Records contained in a dataset:
┌──

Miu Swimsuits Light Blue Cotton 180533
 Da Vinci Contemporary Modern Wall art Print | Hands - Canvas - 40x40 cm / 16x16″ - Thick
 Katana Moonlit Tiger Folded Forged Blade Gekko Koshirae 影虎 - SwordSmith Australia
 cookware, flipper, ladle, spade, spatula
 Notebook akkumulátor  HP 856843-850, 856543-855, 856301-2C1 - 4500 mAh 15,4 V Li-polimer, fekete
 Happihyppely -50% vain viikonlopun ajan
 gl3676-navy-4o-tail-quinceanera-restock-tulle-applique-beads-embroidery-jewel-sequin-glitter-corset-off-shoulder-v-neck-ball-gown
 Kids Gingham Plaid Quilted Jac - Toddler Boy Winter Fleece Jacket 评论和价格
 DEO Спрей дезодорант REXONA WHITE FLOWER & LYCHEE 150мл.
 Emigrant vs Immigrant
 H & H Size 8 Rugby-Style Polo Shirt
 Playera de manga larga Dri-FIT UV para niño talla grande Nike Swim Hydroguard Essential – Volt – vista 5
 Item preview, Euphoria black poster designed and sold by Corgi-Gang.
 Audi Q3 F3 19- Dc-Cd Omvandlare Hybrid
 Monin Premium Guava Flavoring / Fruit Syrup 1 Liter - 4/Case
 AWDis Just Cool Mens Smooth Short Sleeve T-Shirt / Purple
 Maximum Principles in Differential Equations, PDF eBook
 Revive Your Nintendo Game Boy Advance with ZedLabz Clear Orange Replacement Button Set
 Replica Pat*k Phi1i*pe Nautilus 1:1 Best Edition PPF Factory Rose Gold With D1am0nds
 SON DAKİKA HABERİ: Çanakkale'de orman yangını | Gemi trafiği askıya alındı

└──

Task statement =
Exactly reproduce the lines from the one containing "H & H Size 8 Rugby-Style Polo Shirt" through the end of the records, and only those lines.

Result below =
 H & H Size 8 Rugby-Style Polo Shirt
 Playera de manga larga Dri-FIT UV para niño talla grande Nike Swim Hydroguard Essential – Volt – vista 5
 Item preview, Euphoria black poster designed and sold by Corgi-Gang.
 Audi Q3 F3 19- Dc-Cd Omvandlare Hybrid
 Monin Premium Guava Flavoring / Fruit Syrup 1 Liter - 4/Case
 AWDis Just Cool Mens Smooth Short Sleeve T-Shirt / Purple
 Maximum Principles in Differential Equations, PDF eBook
 Revive Your Nintendo Game Boy Advance with ZedLabz Clear Orange Replacement Button Set
 Replica Pat*k Phi1i*pe Nautilus 1:1 Best Edition PPF Factory Rose Gold With D1am0nds
 SON DAKİKA HABERİ: Çanakkale'de orman yangını | Gemi trafiği askıya alındı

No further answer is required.